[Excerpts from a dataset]
"""

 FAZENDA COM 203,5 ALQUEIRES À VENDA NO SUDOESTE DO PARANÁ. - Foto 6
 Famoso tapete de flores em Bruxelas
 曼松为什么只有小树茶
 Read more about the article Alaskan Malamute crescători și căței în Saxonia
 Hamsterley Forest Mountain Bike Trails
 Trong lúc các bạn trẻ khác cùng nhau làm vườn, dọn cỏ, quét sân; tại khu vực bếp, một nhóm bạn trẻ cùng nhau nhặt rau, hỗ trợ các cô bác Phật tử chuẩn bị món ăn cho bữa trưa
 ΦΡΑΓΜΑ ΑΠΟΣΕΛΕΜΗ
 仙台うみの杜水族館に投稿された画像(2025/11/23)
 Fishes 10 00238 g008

"""

Print out all the entries precisely as written.

 FAZENDA COM 203,5 ALQUEIRES À VENDA NO SUDOESTE DO PARANÁ. - Foto 6
 Famoso tapete de flores em Bruxelas
 曼松为什么只有小树茶
 Read more about the article Alaskan Malamute crescători și căței în Saxonia
 Hamsterley Forest Mountain Bike Trails
 Trong lúc các bạn trẻ khác cùng nhau làm vườn, dọn cỏ, quét sân; tại khu vực bếp, một nhóm bạn trẻ cùng nhau nhặt rau, hỗ trợ các cô bác Phật tử chuẩn bị món ăn cho bữa trưa
 ΦΡΑΓΜΑ ΑΠΟΣΕΛΕΜΗ
 仙台うみの杜水族館に投稿された画像(2025/11/23)
 Fishes 10 00238 g008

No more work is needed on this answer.